Create pipelines¶

This documentation page will give you an overview of how to create a pipeline in juturna. As the focus here is the pipeline itself, we will not be using custom nodes but rather built-in and plugin nodes already available in the juturna repository.

Setup the environment¶

As usual, we prepare the environment including juturna and all the required dependencies. This time we will pull the library straight from GitHub, so that we can also fetch the plugin nodes.

user:~/prj$ python3 -m venv .venv
user:~/prj$ source .venv/bin/activate
(.venv) user:~/prj$ git clone https://github.com/meetecho/juturna
(.venv) user:~/prj$ pip install "./juturna[pipebuilder]"
(.venv) user:~/prj$ cp -r ./juturna/plugins ./
(.venv) user:~/prj$ rm -rf juturna

Note that we installed juturna including the pipebuilder group, which installs the dependencies for a CLI tool we can use to automatically build configuration files.

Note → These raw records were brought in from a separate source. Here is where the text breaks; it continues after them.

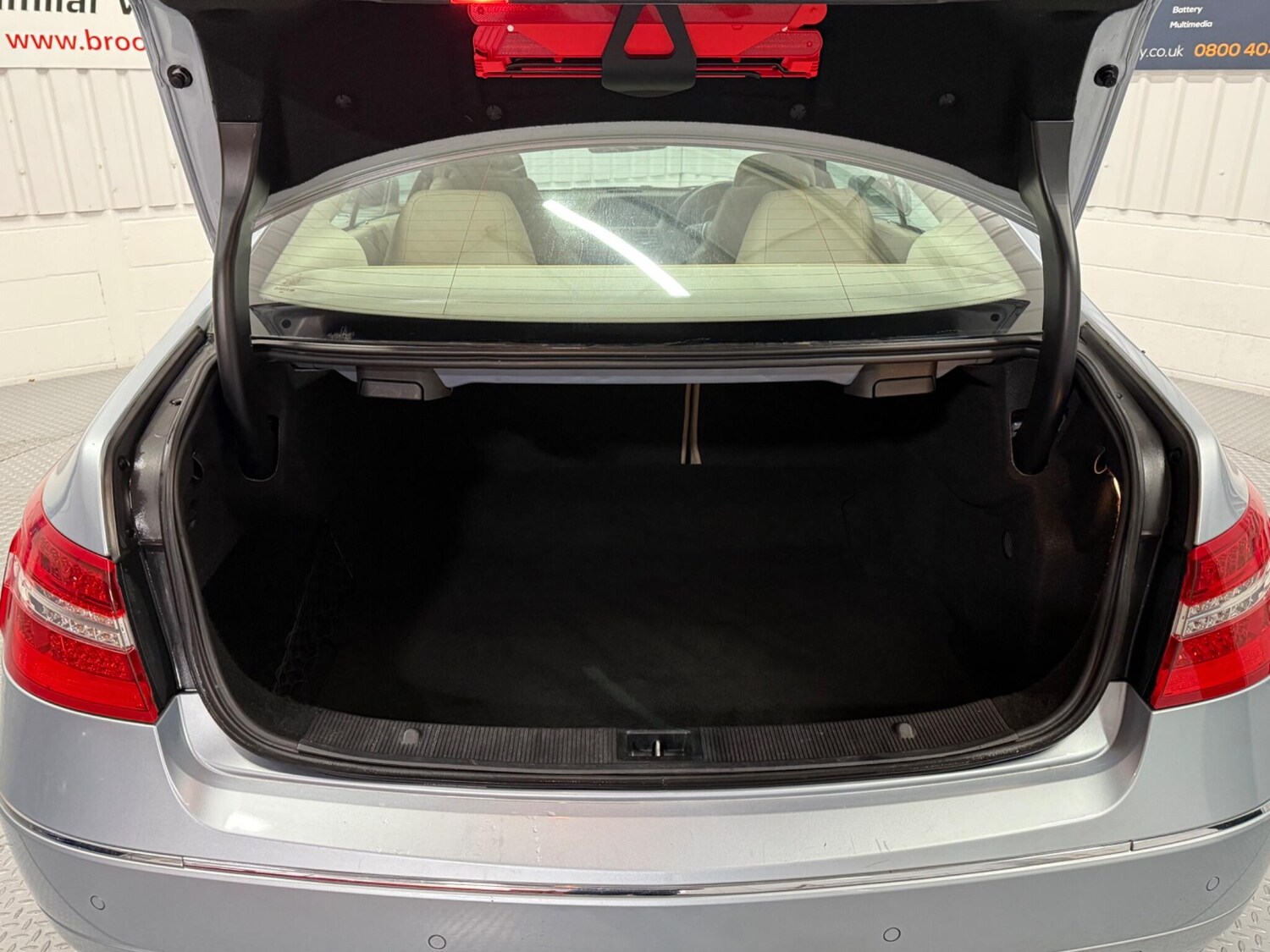 Used Mercedes-Benz E Class 2013 for sale - 76425068: Photo 18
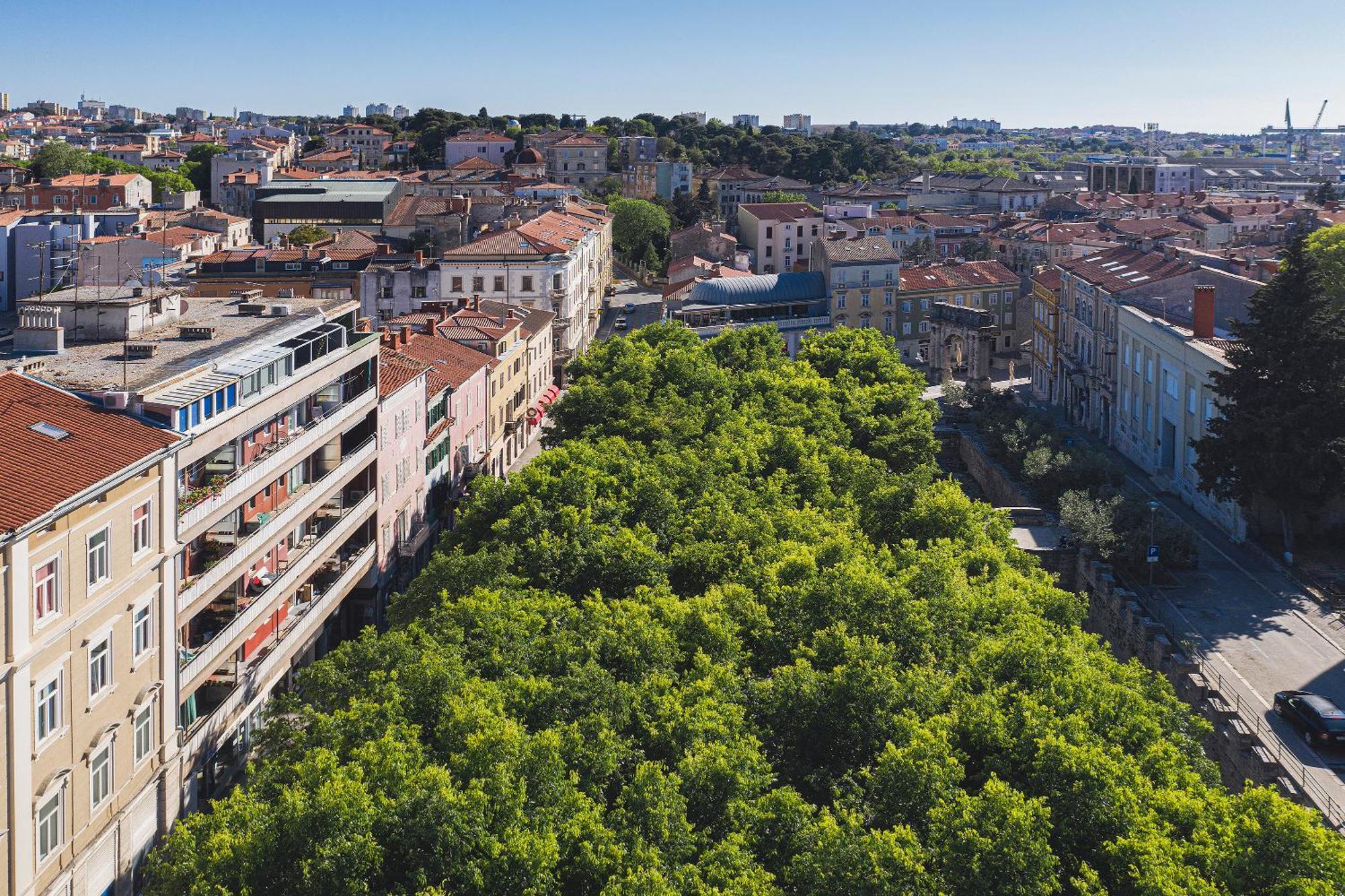 Arta Apartments City Center - With Private Parking Pula Exterior foto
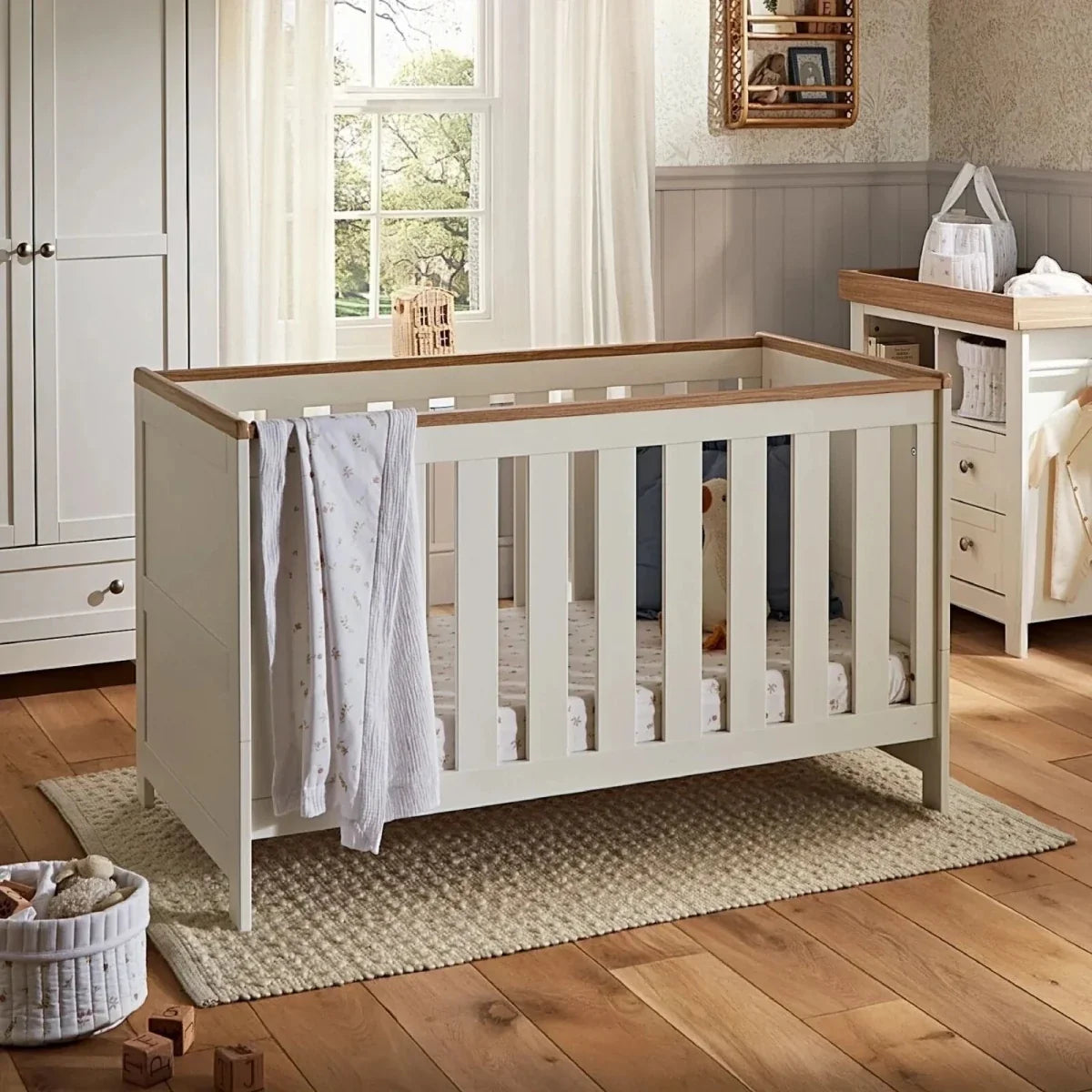CuddleCo Burford 2 Piece Nursery Furniture Set - White/Oak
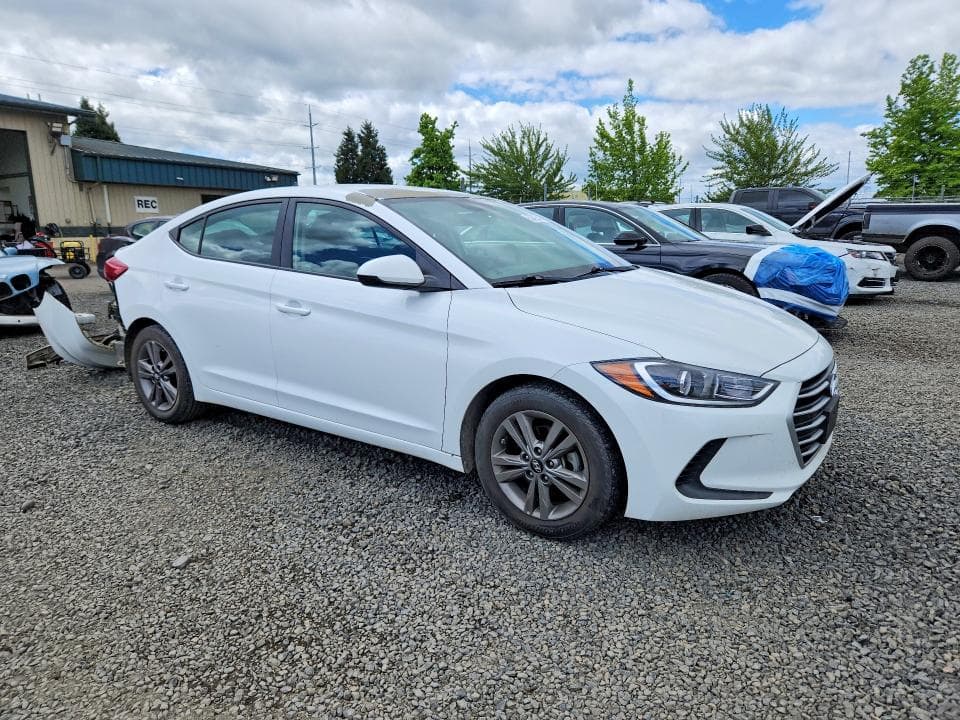 2018 HYUNDAI ELANTRA SEL 4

Create the pipeline configuration file¶

A pipeline configuration file is a simple json file that can be fed to juturna. This file can be created manually, or as we said we can use the CLI utility shipped with the library. We can just go ahead and launch it:

(.venv) user:~/prj$ python -m juturna create -p ./plugins/nodes

The pipe builder looks like this:

The tool offers autocompletion, and automatically scans the built-in and plugin nodes so that their types are included as commands. Regular commands are prepended with a dot.

To create a new node, press TAB to see all the available commands. When a node type is selected, add a / to see all available nodes of that type.

Selecting a node will bring up the configuration prompt. Except for fields such as the node name, all other fields will be defaulted to the values in the node toml file.

When we are done adding all the nodes, we can look at the full list using .nodes.

Links can be added with the .link command. It will prompt the full list of nodes, autocompleting node names to include in source and destination of every new link. TAB autocompletion is also available for the node names.

Once we are done, we can look at the full list of links with .links.

Lastly, the .save command will start the saving process, where we will be picking the pipe name, its id and running folder, and the name of the file we want to save its configuration to.

In this example, we built a pipeline containing a audio RTP source node, a transcription node, and a HTTP transmitter that will send the results to a configured endpoint. The saved file (which we could have written manually) looks like this:

{
  "version": "0.1.0",
  "plugins": ["./plugins"],
  "pipeline": {
    "name": "test_pipe",
    "id": "12345",
    "folder": "./pipelines",
    "nodes": [
      {
        "name": "trx",
        "type": "proc",
        "mark": "transcriber_whispy",
        "configuration": {
          "model_name": "tiny",
          "only_local": true,
          "language": "en",
          "word_timestamps": true,
          "without_timestamps": false,
          "task": "transcribe",
          "buffer_size": 5,
          "device": "cuda"
        }
      },
      {
        "name": "src",
        "type": "source",
        "mark": "audio_rtp",
        "configuration": {
          "rec_host": "127.0.0.1",
          "rec_port": 8888,
          "audio_rate": 16000,
          "block_size": 5,
          "channels": 2,
          "process_log_level": "quiet",
          "payload_type": 97,
          "encoding_clock_chan": "opus/48000/2"
        }
      },
      {
        "name": "dst",
        "type": "sink",
        "mark": "notifier_http",
        "configuration": {
          "endpoint": "http://localhost:8080",
          "timeout": 20,
          "content_type": "application/json"
        }
      }
    ],
    "links": [
      {
        "from": "src",
        "to": "trx"
      },
      {
        "from": "trx",
        "to": "dst"
      }
    ]
  }
}

Installing extra dependencies¶

In the pipeline we are building as example, there is only one plugin node. This node is likely to carry extra dependencies with it, so we need to installing them before launching the pipeline. In our case, we can see that the transcriber node requires ctranslate2 and faster-whisper, so we go ahead and install them.

(.venv) user:~/prj$ pip install faster-whisper ctranslate2

Juturna also offers a way of collecting all the dependencies defined across plugin nodes. This can be done from the command line:

(.venv) user:~/prj$ python -m juturna require \
                           -c test_pipe.json \
                           -p ./plugins \
                           -s ./requirements.txt
(.venv) user:~/prj$ pip install -r requirements.txt

Launch the pipe¶

At this point, we are ready to execute the pipeline!

(.venv) user:~/prj$ python -m juturna launch -c test_pipe.json

This will start the pipeline, and create the ./pipelines folder for us.